● **Work instruction**: A complete answer retypes each of the records below precisely and includes none of the pictures.

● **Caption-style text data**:
╔══
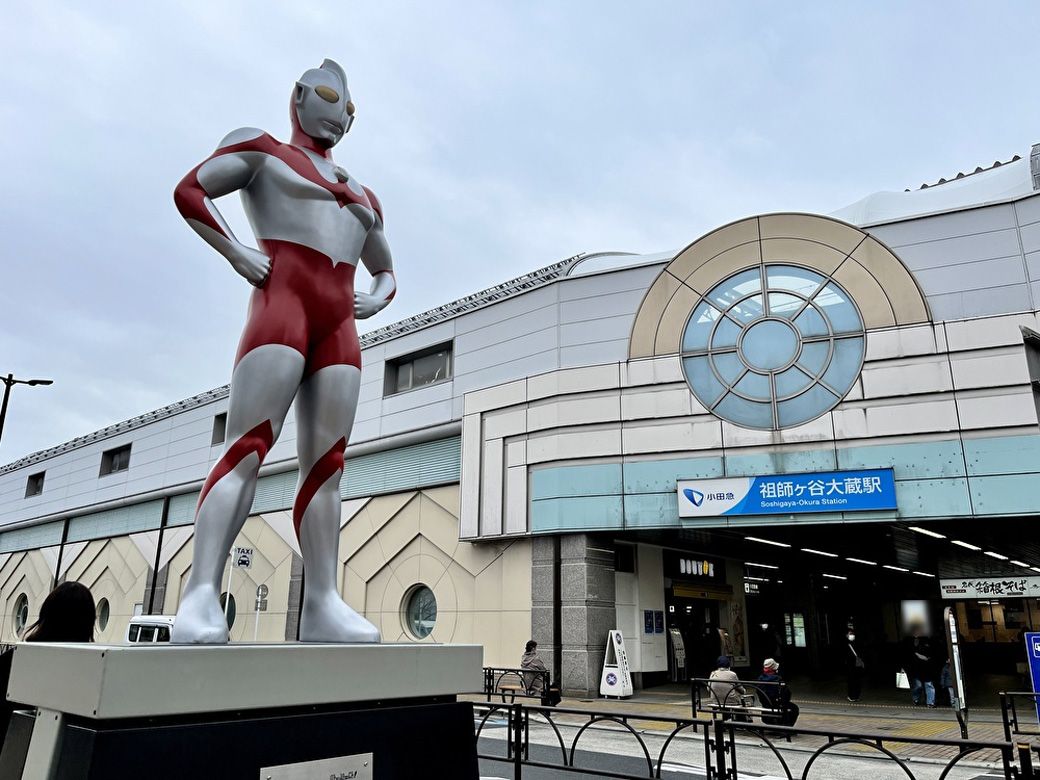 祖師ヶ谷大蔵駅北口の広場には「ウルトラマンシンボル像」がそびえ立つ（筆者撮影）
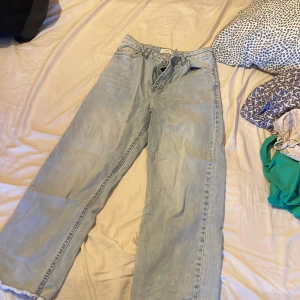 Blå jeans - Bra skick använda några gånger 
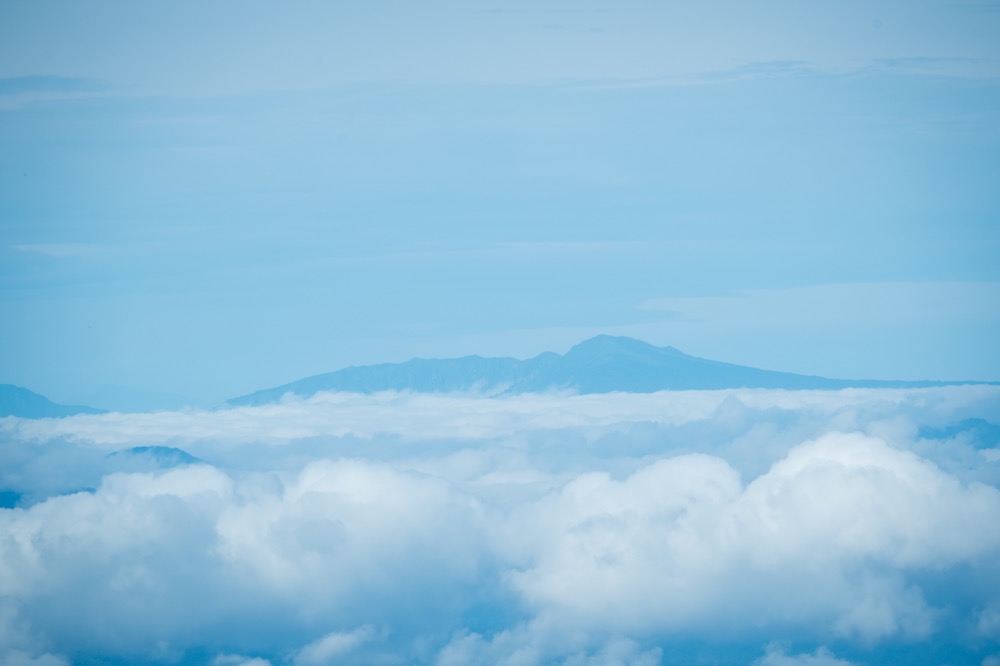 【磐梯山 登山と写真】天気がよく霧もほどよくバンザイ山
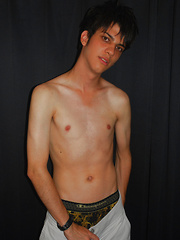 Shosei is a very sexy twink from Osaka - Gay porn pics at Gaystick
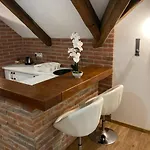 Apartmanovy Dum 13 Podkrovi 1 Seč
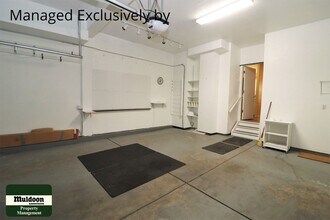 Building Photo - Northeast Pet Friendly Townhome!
╚══
● **Task answer**:
 祖師ヶ谷大蔵駅北口の広場には「ウルトラマンシンボル像」がそびえ立つ（筆者撮影）
 Blå jeans - Bra skick använda några gånger 
 【磐梯山 登山と写真】天気がよく霧もほどよくバンザイ山
 Shosei is a very sexy twink from Osaka - Gay porn pics at Gaystick
 Apartmanovy Dum 13 Podkrovi 1 Seč
 Building Photo - Northeast Pet Friendly Townhome!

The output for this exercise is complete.